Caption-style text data
++++++++
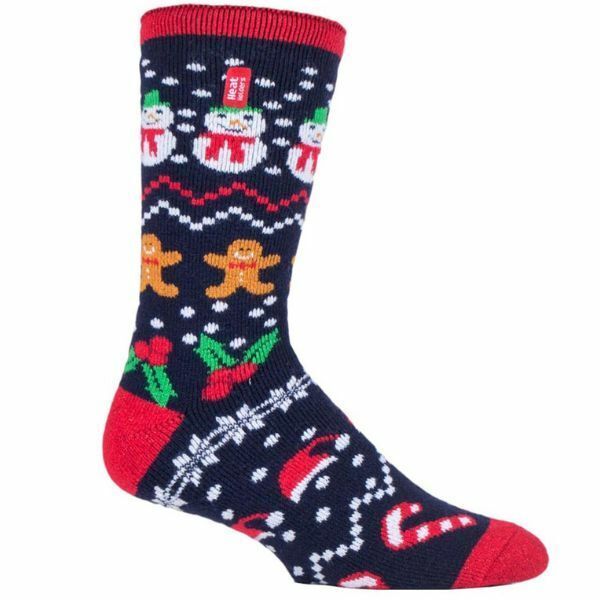 Heat Holders Lite Mens Thermal Christmas Socks 6-11 UK Festive Fun / 1EA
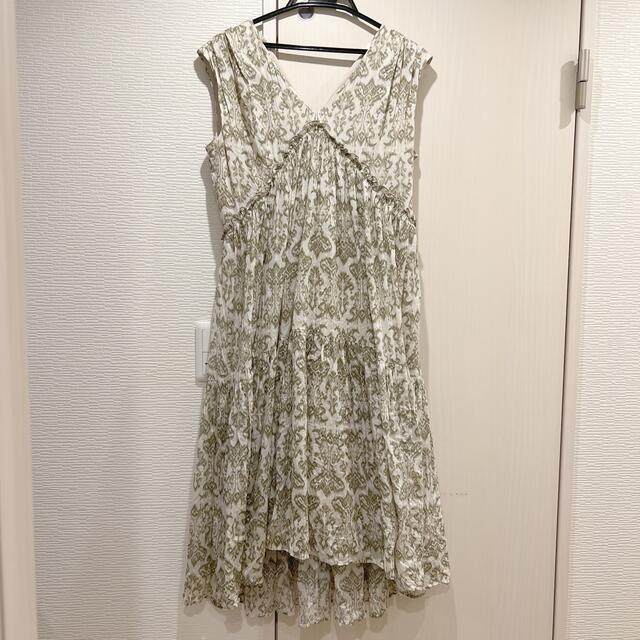 herliptoDamask Cotton Midi Dress - ひざ丈ワンピース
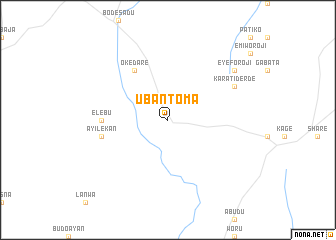 map of Ubantoma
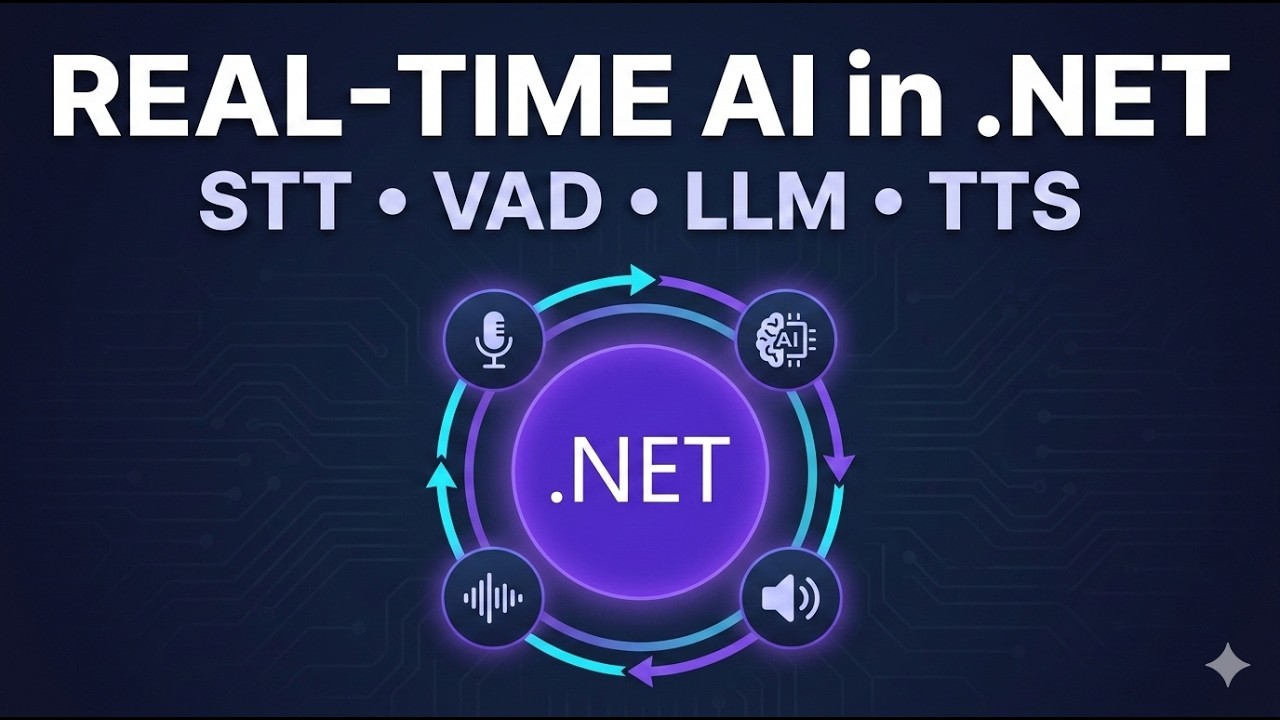 🤖 Создайте голосовой ИИ в реальном времени на .NET — полностью локальный.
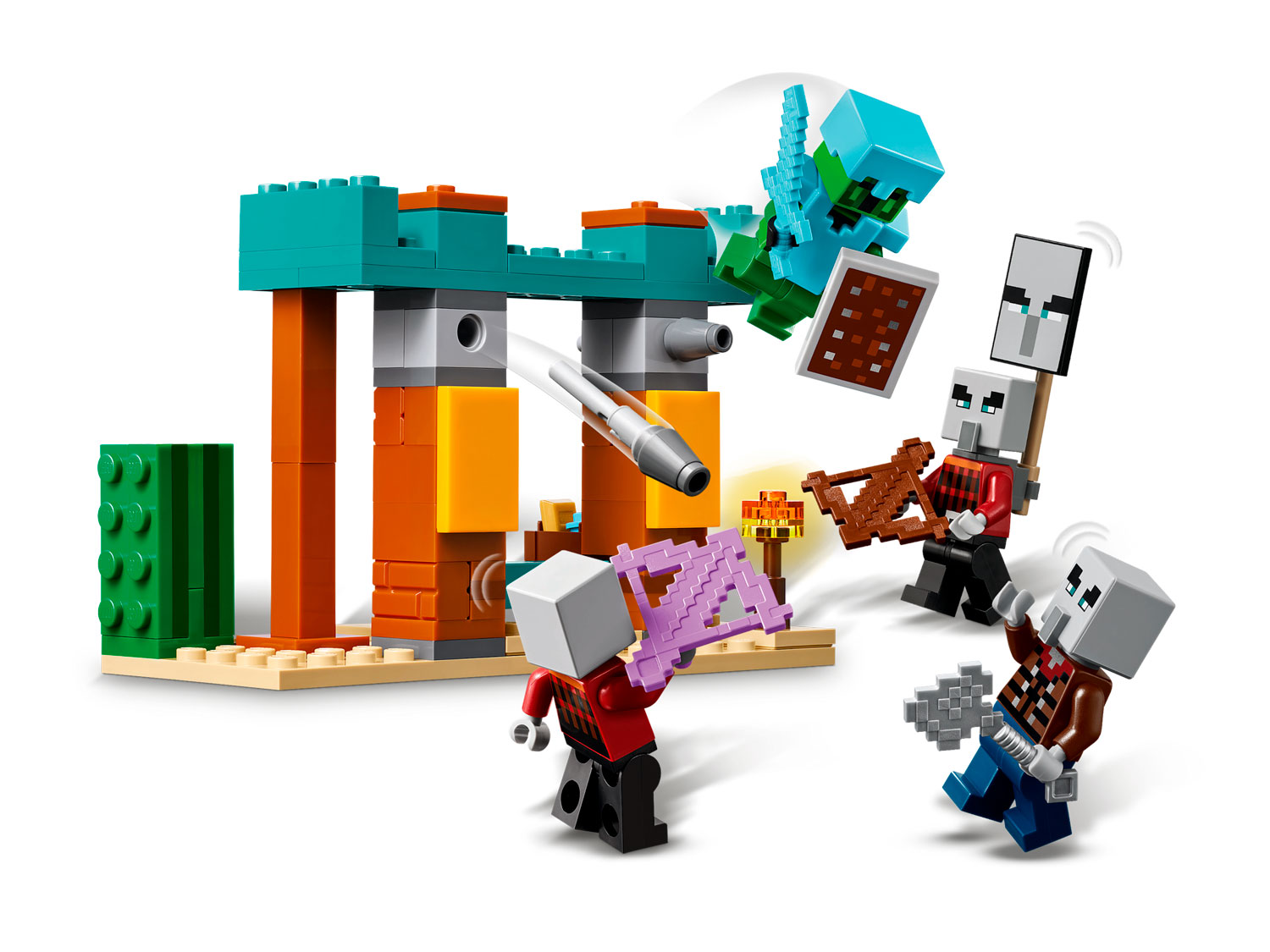 Конструктор LEGO Minecraft Патруль илладжеров 21267 105 дет. - фото 4
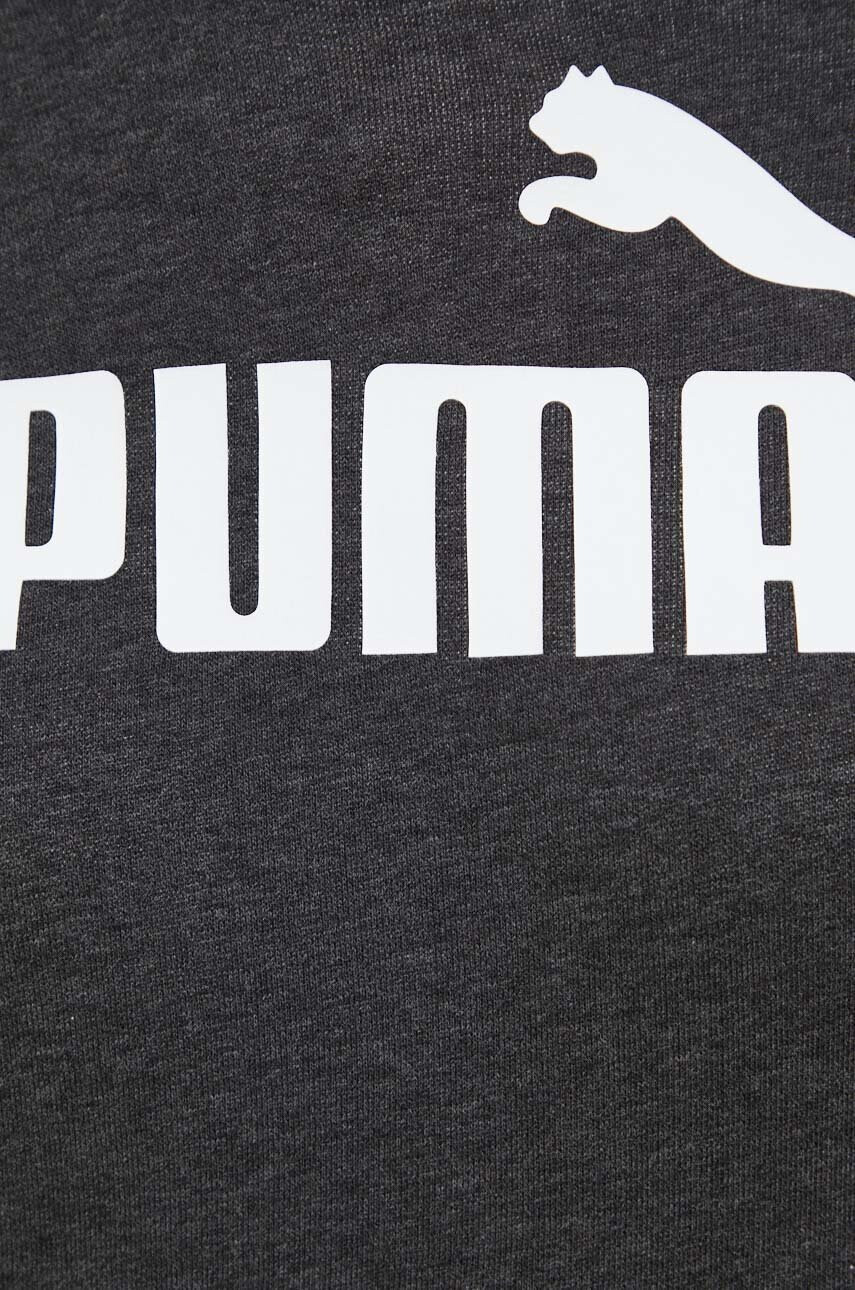Puma Суичър в сиво с качулка с принт - Pepit.bg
++++++++
## Work instructions:
Print the records above exactly, minus pictures.

## Your response:
 Heat Holders Lite Mens Thermal Christmas Socks 6-11 UK Festive Fun / 1EA
 herliptoDamask Cotton Midi Dress - ひざ丈ワンピース
 map of Ubantoma
 🤖 Создайте голосовой ИИ в реальном времени на .NET — полностью локальный.
 Конструктор LEGO Minecraft Патруль илладжеров 21267 105 дет. - фото 4
Puma Суичър в сиво с качулка с принт - Pepit.bg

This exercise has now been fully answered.